Work item:
Set down, character for character, everything in the records below from the line holding "https://github.com/cmungall/environmental-conditions" down to the line holding "Design Sprint 4ETS_Coop Itaca", and no other line.

Raw data:

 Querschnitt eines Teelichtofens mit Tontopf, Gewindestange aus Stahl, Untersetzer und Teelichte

* * *

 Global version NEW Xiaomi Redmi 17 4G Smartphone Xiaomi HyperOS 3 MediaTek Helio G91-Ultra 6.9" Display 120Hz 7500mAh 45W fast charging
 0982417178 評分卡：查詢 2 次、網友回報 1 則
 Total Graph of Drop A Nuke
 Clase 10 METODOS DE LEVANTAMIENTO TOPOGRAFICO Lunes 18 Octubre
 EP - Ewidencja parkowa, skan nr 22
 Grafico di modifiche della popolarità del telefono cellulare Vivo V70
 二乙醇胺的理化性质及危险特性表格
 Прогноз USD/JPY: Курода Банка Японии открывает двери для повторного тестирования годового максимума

...

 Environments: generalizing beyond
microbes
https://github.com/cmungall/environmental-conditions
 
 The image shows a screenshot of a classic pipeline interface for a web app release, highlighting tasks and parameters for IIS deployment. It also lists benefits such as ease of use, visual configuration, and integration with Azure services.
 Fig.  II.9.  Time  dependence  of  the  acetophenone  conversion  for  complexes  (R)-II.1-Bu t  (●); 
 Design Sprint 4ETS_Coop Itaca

Written response:
https://github.com/cmungall/environmental-conditions
 
 The image shows a screenshot of a classic pipeline interface for a web app release, highlighting tasks and parameters for IIS deployment. It also lists benefits such as ease of use, visual configuration, and integration with Azure services.
 Fig.  II.9.  Time  dependence  of  the  acetophenone  conversion  for  complexes  (R)-II.1-Bu t  (●); 
 Design Sprint 4ETS_Coop Itaca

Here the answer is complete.